Roraima registrou o resgate de cinco trabalhadores em situação análoga à escravidão ao longo de 2025, segundo dados do Ministério do Trabalho e Emprego (MTE), divulgados pela Secretaria de Inspeção do Trabalho (SIT) na última terça-feira (28). O número integra o levantamento da Amazônia Legal, onde 811 pessoas foram retiradas de condições degradantes no período.
No total, o Brasil contabilizou 2.772 trabalhadores resgatados em 1.594 ações fiscais realizadas ao longo do ano. Embora Roraima apareça com números menores em comparação a outros estados da região, os dados reforçam que o problema também está presente no estado e exige atenção permanente dos órgãos de fiscalização.
Entre os estados da Amazônia Legal, o Mato Grosso liderou os registros, com 607 trabalhadores resgatados, seguido pelo Maranhão, com 145 casos. Também houve ocorrências no Acre (19), Pará (17), Rondônia (5), Roraima (5) e Amazonas (4). Amapá e Alagoas não registraram resgates em 2025.
Cenário nacional
Em âmbito nacional, os estados com maior número de trabalhadores resgatados foram Mato Grosso (607), Bahia (482), Minas Gerais (393), São Paulo (276) e Paraíba (253).
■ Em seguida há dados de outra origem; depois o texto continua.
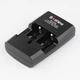 Зарядное устройство Soshine S5(Li), для литиевых аккумуляторов формата CR123/CR2, USB Type-C, LED индикатор, 2 канала, Box - изображение 3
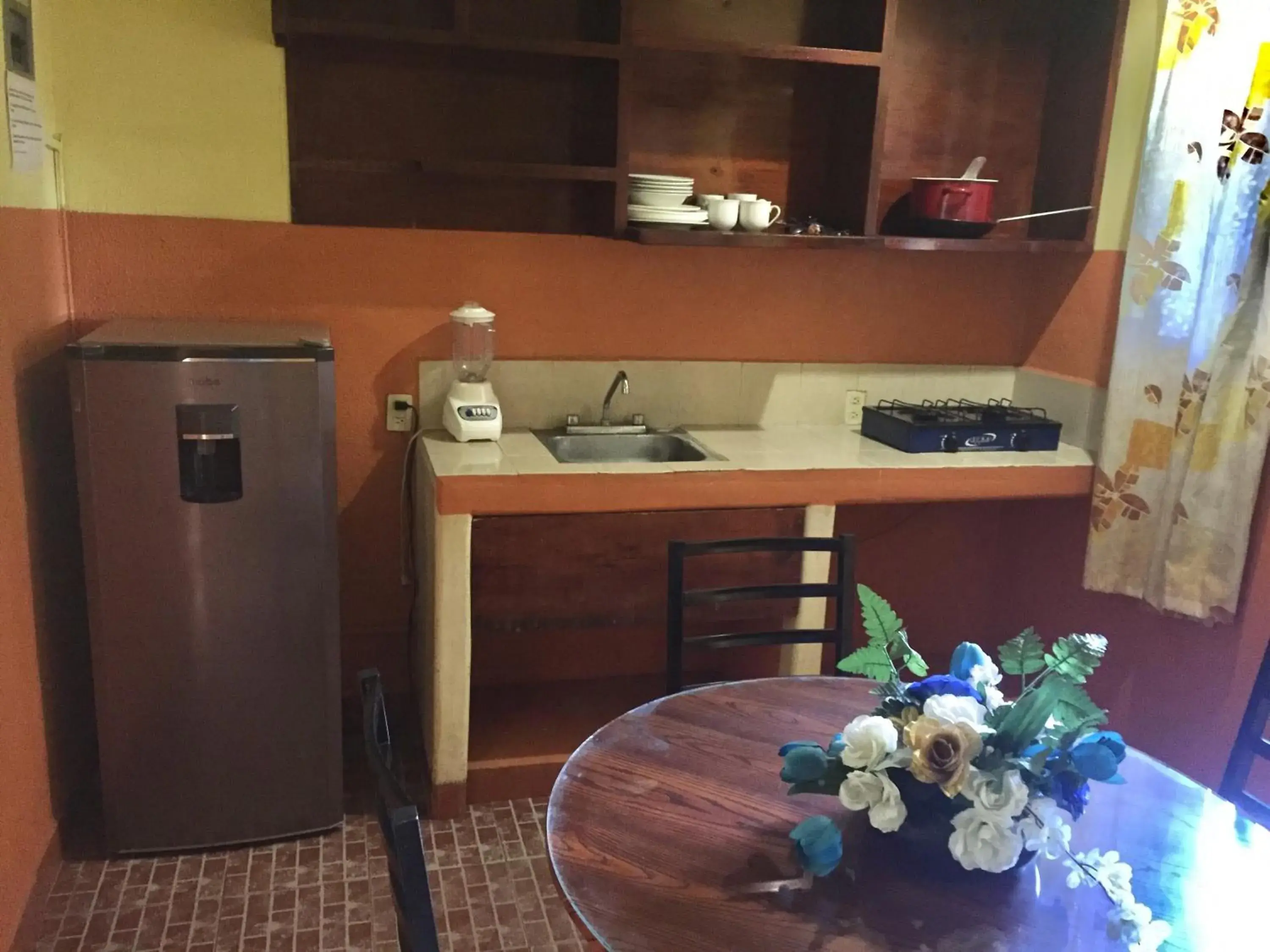 Kitchen or kitchenette in Hotel Las Salinas Kitchen or kitchenette in Hotel Las Salinas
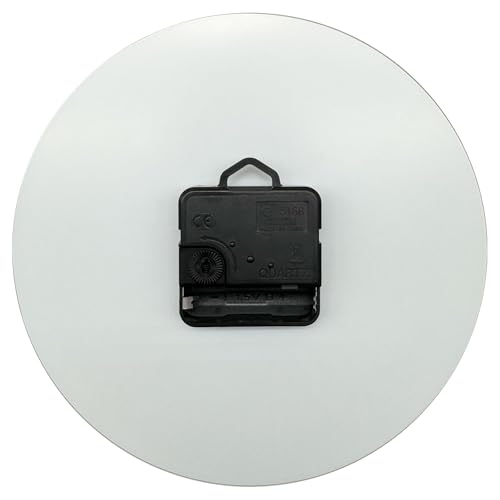 Relojes de pared redondos sublimados 20 pcs 7.8 in miniatura 6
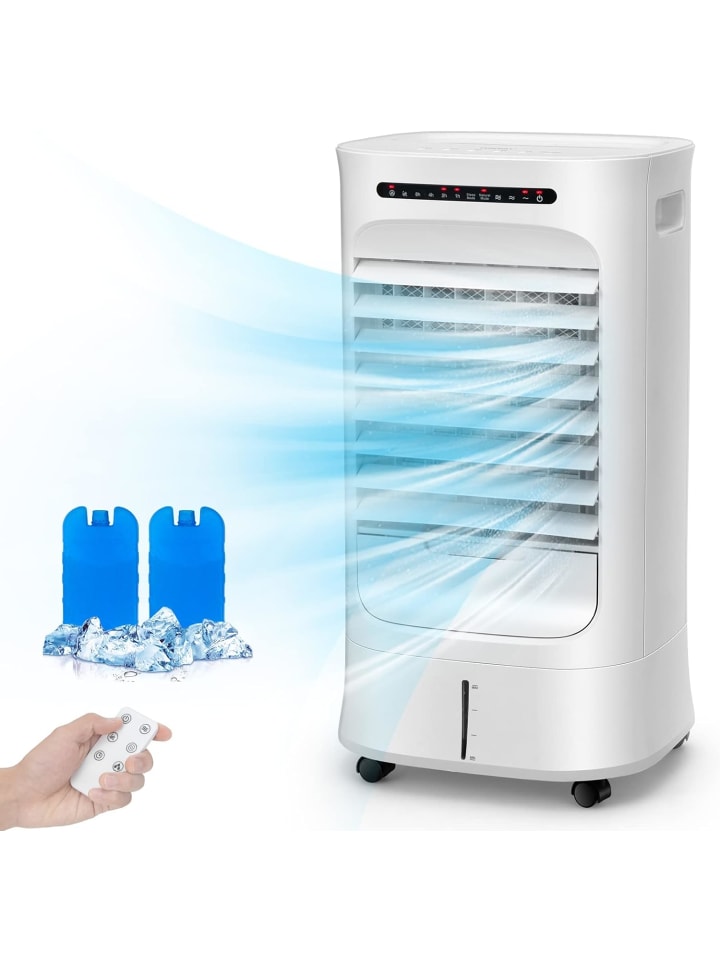 COSTWAY 4in1 Mobile Klimaanlage 66W in Weiß günstig kaufen onesize
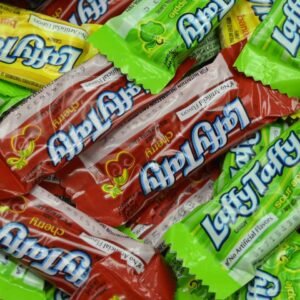Wonka Assorted Laffy Taffy Bulk Candy - 5 lb.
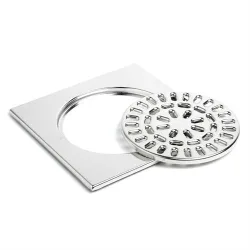 Klinkerram Purus Blank Syrafast 300 U/U Rostfritt stål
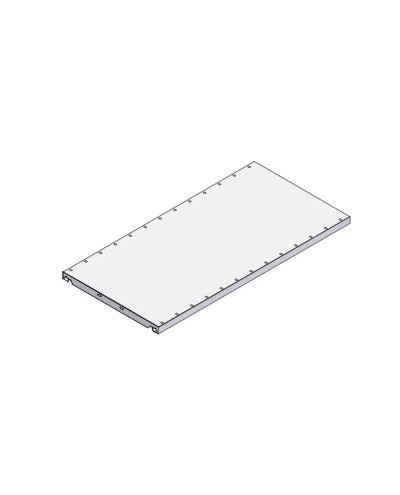 Shelf 500x1000mm 200kg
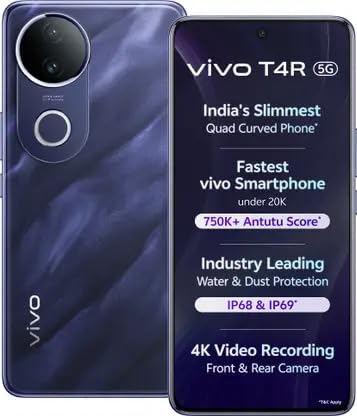 VIVO T4R 5G, Twilight Blue (8GB, 128GB)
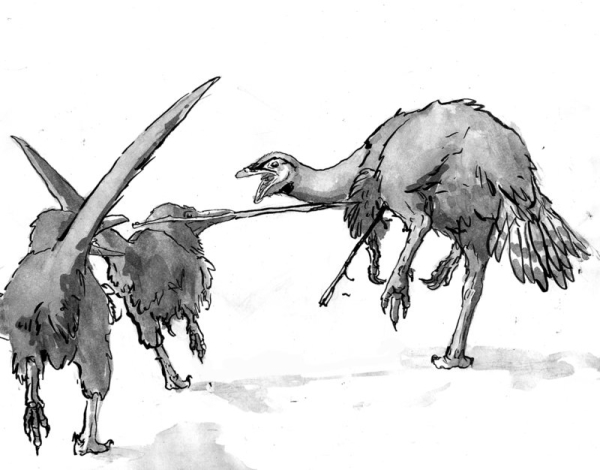 Цивилизация разумных динозавров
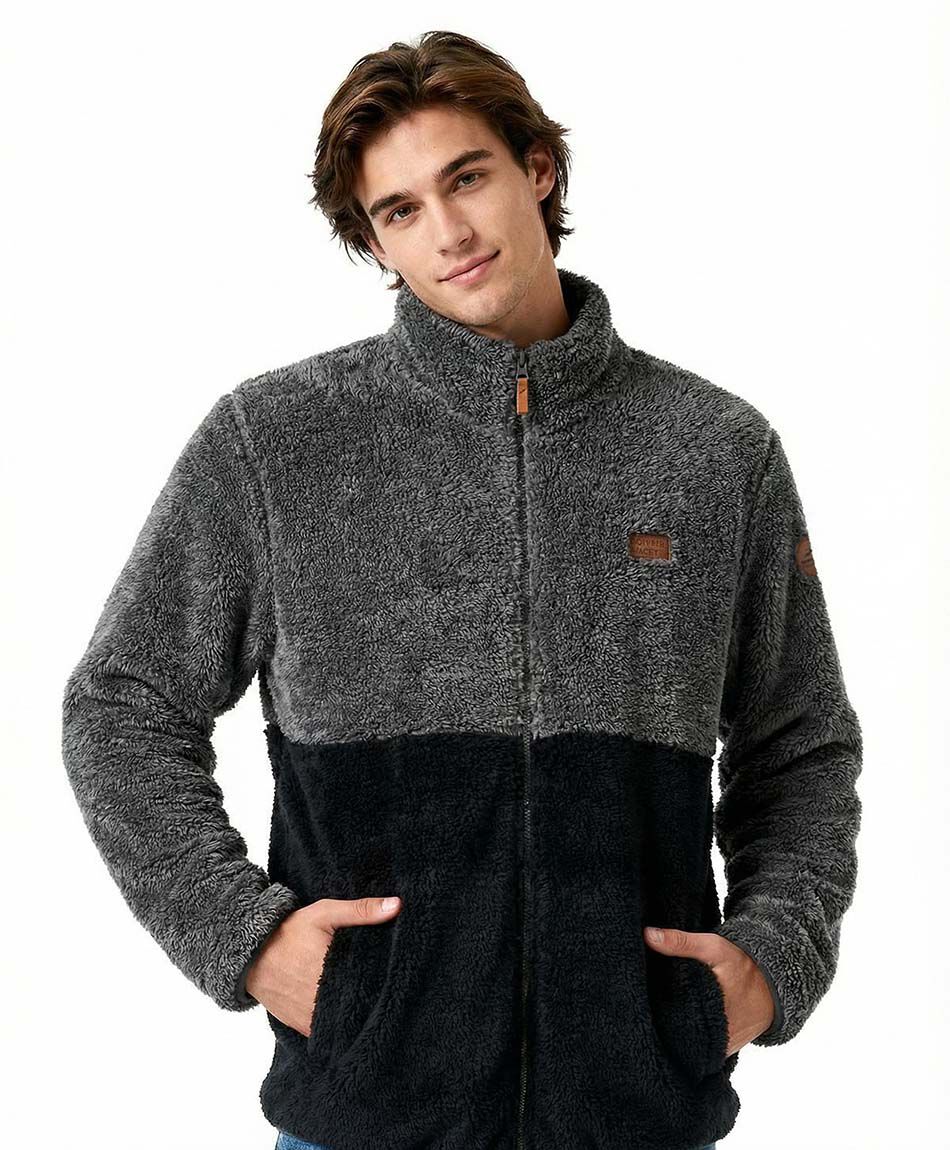 Polar deportivo hombre bicolor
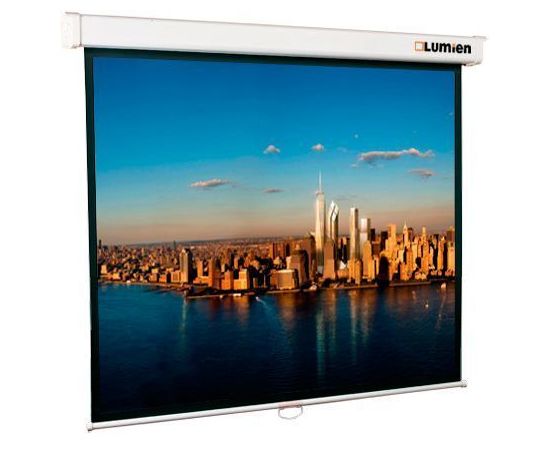 Экран настенный Lumien Master Picture 203х203 см Matte White FiberGlass (LMP-100104)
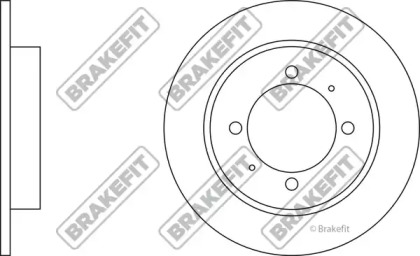 Тормозной диск APEC braking SDK6006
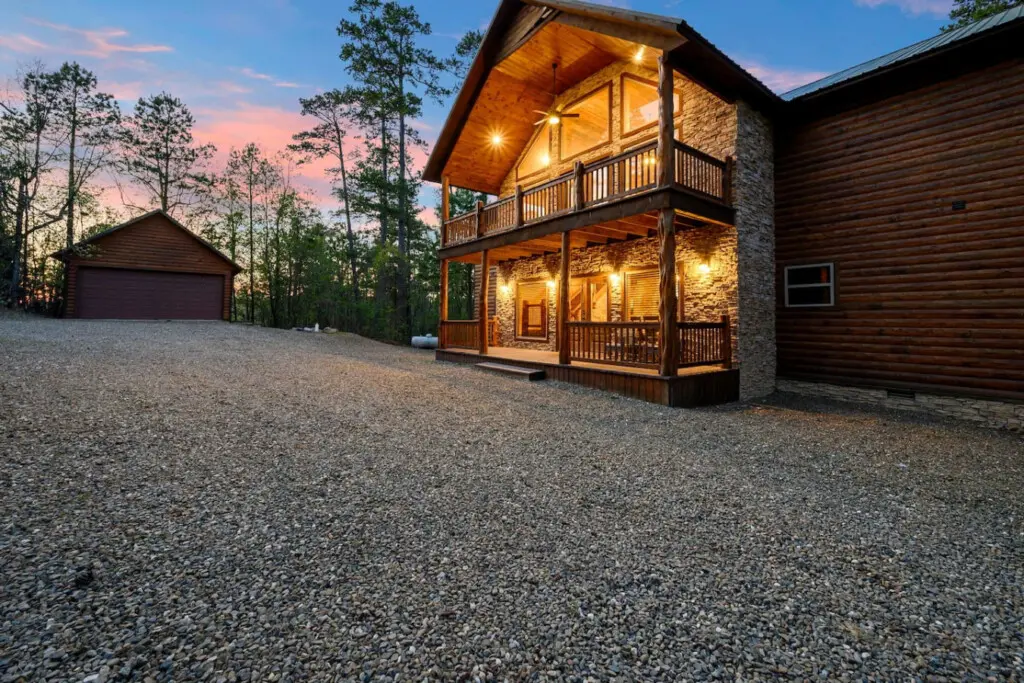 Home is wherever the cabin is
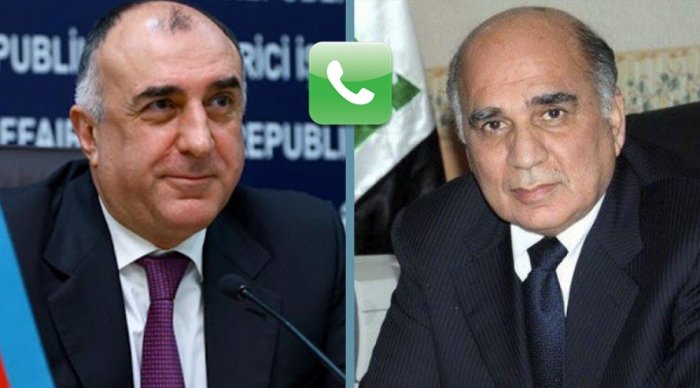   مكالمة هاتفية بين وزيري الخارجية الاذربيجاني والعراقي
Já o maior volume de ações fiscais ocorreu em São Paulo (215), Minas Gerais (145), Rio de Janeiro (123), Rio Grande do Sul (112) e Goiás (102).
Além dos resgates, mais de 48 mil trabalhadores tiveram direitos trabalhistas assegurados durante as fiscalizações. Mesmo quando não houve caracterização de trabalho análogo à escravidão, a atuação dos auditores-fiscais garantiu o cumprimento de outras obrigações legais por parte dos empregadores.
Perfil dos resgates
De acordo com a Classificação Nacional de Atividades Econômicas (CNAE), os setores com maior número de trabalhadores resgatados foram obras de alvenaria, administração pública, construção de edifícios, cultivo de café e extração e britamento de pedras.
O levantamento também aponta uma mudança no perfil das ocorrências: em 2025, 68% dos resgates ocorreram no meio urbano, superando os casos registrados em áreas rurais — cenário diferente do observado em anos anteriores.
Crime e denúncias
O trabalho análogo à escravidão é crime no Brasil, previsto no artigo 149 do Código Penal, e se caracteriza por condições degradantes, jornada exaustiva, trabalho forçado ou restrição da liberdade do trabalhador. A pena varia de dois a oito anos de prisão, além de multa, podendo ser agravada em situações específicas, como quando envolve crianças ou adolescentes.
Denúncias podem ser feitas de forma anônima pelo Sistema Ipê, pelo telefone 158 ou pelo Disque 100.